PasswordManagers.co kemudian menggabungkan, mengolah dan menganalisa kedua data tersebut hingga menyajikannya menjadi Cybersecurity Exposure Index (CEI) yang mengukur eksposur suatu negara terhadap cybercrime.
Eksposur yang rendah memiliki indeks di bawah 0,4. Sementara untuk indeks yang berada di 0,4-0,6 menunjukkan adanya eksposur yang sedang. Di atas 0,6 berarti eksposurnya tinggi.
Dari lima negara kawasan Asia Tenggara yang dievaluasi yakni Singapura, Malaysia, Thailand, Indonesia dan Filipina, RI berada di peringkat 4 masih kalah dengan Negeri Singa, Negeri Jiran dan Negeri Gajah Putih.
Skor Indonesia pun berada di 0,617. Itu artinya eksposur Indonesia terhadap kejahatan siber memang tergolong tinggi. Dalam kajian tersebut Indonesia masih lebih baik peringkatnya dibandingkan dengan Filipina.
Namun di tengah semaraknya ekonomi digital Tanah Air, seharusnya fokus pada pembangunan keamanan siber lebih ditingkatkan lagi. Meski kue ekonomi digital masih di tergolong kecil karena kurang dari 5%, tetapi pertumbuhannya hampir 8 kali lipat pertumbuhan PDB nasional per tahunnya.

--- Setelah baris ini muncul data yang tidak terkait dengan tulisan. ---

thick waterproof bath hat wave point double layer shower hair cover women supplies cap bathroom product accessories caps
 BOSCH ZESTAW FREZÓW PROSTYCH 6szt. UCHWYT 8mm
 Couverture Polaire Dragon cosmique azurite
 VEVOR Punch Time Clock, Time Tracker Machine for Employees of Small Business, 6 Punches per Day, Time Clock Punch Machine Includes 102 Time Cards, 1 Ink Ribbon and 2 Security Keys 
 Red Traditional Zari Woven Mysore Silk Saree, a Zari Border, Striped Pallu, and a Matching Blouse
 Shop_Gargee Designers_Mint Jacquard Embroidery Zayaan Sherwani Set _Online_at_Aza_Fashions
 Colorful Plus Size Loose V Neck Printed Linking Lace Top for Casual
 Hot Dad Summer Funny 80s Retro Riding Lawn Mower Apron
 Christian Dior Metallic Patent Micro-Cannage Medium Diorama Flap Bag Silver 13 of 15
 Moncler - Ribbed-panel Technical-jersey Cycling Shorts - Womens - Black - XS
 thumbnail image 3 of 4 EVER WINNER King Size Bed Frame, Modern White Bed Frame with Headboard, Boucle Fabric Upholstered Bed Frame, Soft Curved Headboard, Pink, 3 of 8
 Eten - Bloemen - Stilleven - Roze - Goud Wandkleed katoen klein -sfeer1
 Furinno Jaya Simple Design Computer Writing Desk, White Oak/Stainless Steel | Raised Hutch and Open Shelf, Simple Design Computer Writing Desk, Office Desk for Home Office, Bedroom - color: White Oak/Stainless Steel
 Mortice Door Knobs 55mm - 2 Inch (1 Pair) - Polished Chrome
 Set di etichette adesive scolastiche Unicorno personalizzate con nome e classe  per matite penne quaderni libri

Ekonomi digital yang ditopang oleh transaksi melalui on-demand apps hingga e-commerce dengan pertumbuhan dobel digit seharusnya membuat setiap pemangku kepentingan lebih sadar untuk bersama-sama mewujudkan cybersecurity.
Bagaimanapun juga perang siber alias perang di awang-awang merupakan ancaman yang serius bukan hanya bagi konsumen yang datanya bisa dibobol, tapi ini isu strategis yang juga menyangkut pertahanan suatu negara. Sehingga kita tidak bisa tutup mata akan hal ini.